**Problem details**
Pictures in the listing below are skipped, while the lines from the "Europe. — AFP photo" line through the "An F-14 Tomcat" line are returned word for word.

**Information shown**
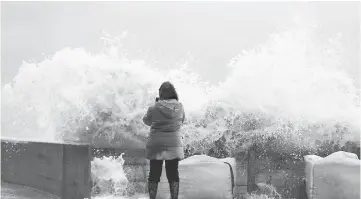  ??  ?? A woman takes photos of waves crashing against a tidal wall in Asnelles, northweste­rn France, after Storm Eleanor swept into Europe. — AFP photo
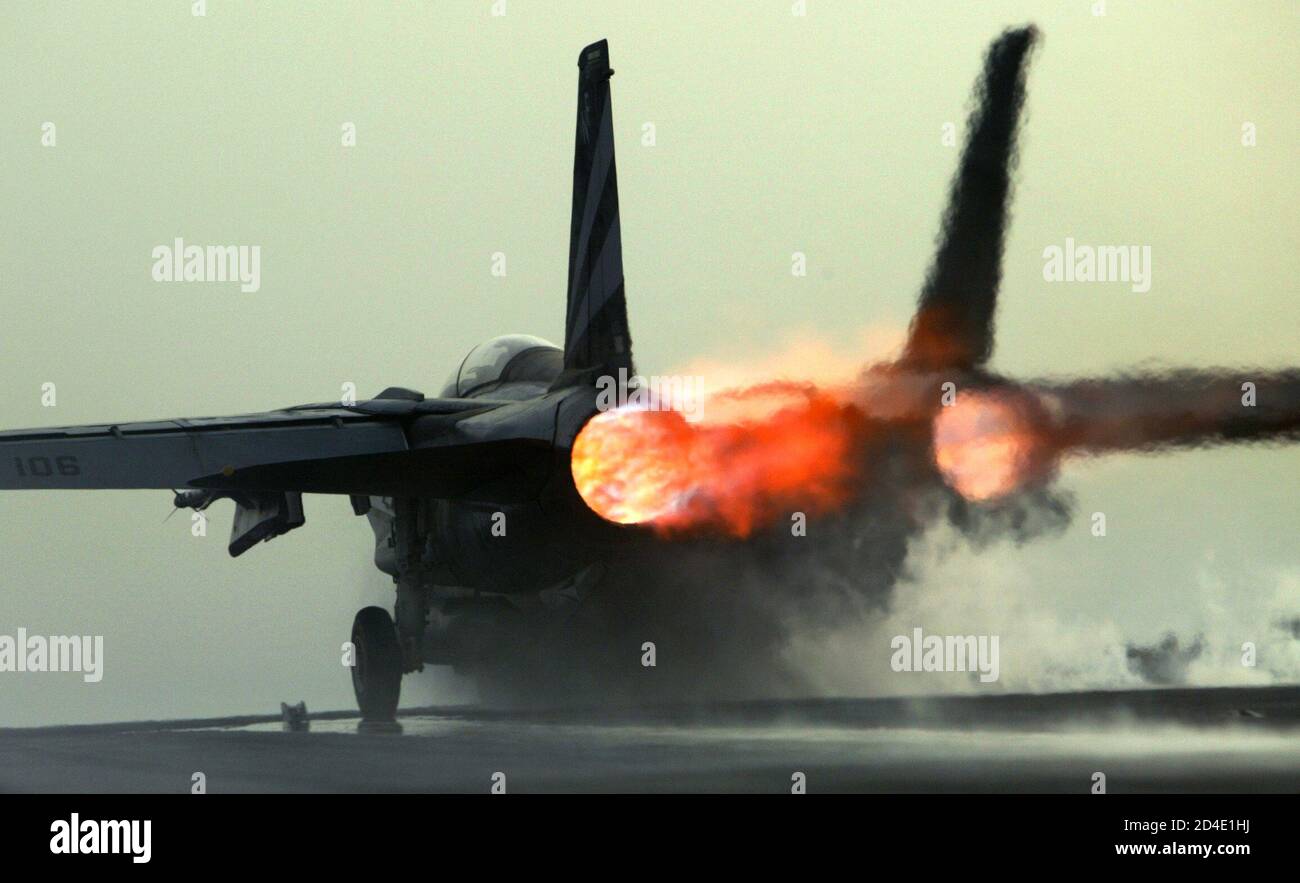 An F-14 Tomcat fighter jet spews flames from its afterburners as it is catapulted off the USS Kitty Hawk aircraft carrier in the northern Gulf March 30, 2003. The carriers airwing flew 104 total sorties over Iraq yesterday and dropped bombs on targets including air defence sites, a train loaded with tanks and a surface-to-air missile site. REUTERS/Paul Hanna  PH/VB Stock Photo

--

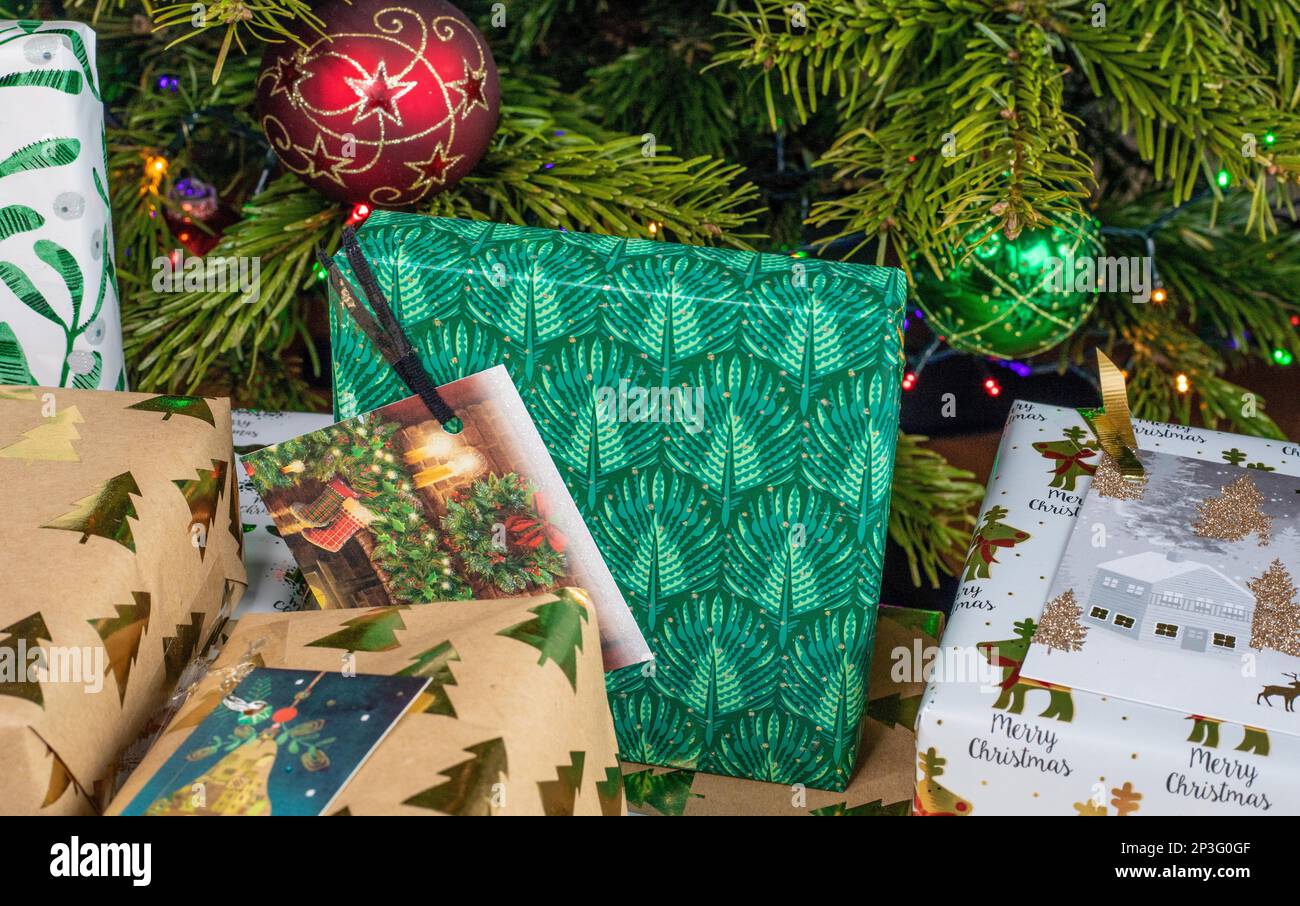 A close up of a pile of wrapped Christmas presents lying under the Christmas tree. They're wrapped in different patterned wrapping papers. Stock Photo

**Solution to this task**
  ??  ?? A woman takes photos of waves crashing against a tidal wall in Asnelles, northweste­rn France, after Storm Eleanor swept into Europe. — AFP photo
 An F-14 Tomcat fighter jet spews flames from its afterburners as it is catapulted off the USS Kitty Hawk aircraft carrier in the northern Gulf March 30, 2003. The carriers airwing flew 104 total sorties over Iraq yesterday and dropped bombs on targets including air defence sites, a train loaded with tanks and a surface-to-air missile site. REUTERS/Paul Hanna  PH/VB Stock Photo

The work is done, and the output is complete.